→ Your assignment
Please print the listing that follows word for word, but skip any pictures it holds.

→ Given material
::::::

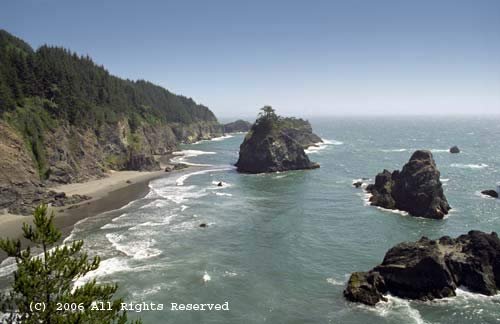 Ancient Rocks Oregon Coast Giclee Art Print 12x16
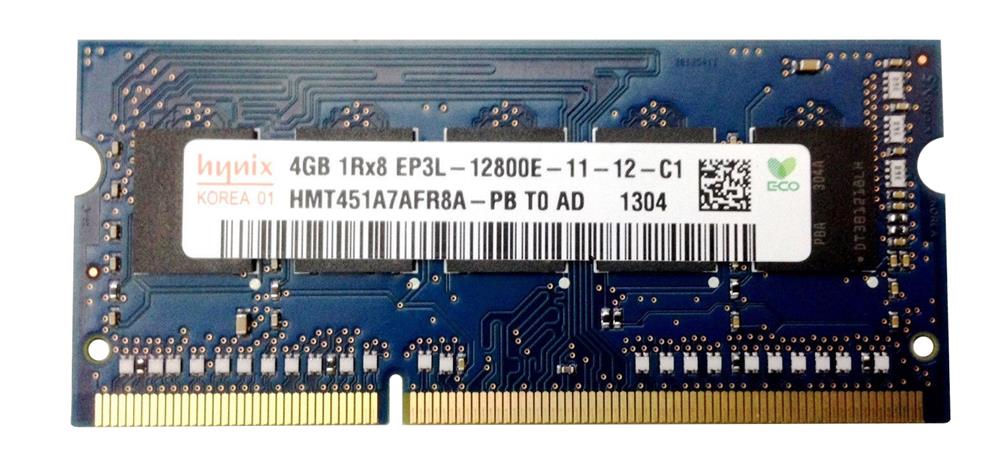 HMT451A7AFR8A-PB | Hynix 4GB DDR3 SoDimm ECC PC3-12800 1600Mhz 1Rx8 Memory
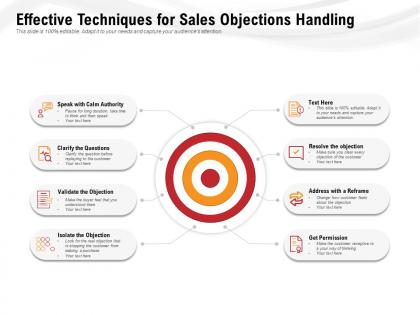 Effective techniques for sales objections handling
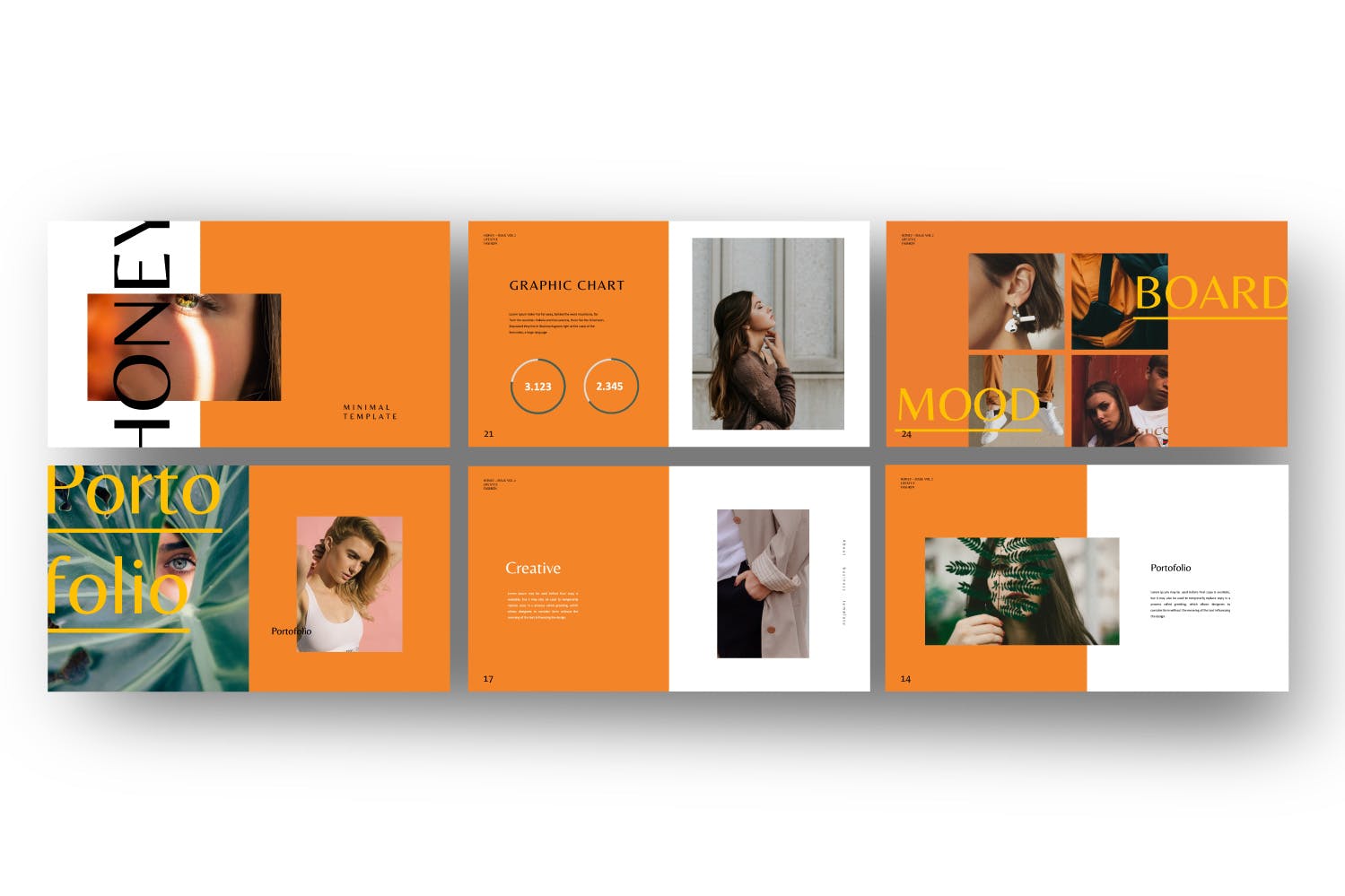 时尚有创意的PPT模板下载[PPTX]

::::::

→ Reply to the task
 Ancient Rocks Oregon Coast Giclee Art Print 12x16
 HMT451A7AFR8A-PB | Hynix 4GB DDR3 SoDimm ECC PC3-12800 1600Mhz 1Rx8 Memory
 Effective techniques for sales objections handling
 时尚有创意的PPT模板下载[PPTX]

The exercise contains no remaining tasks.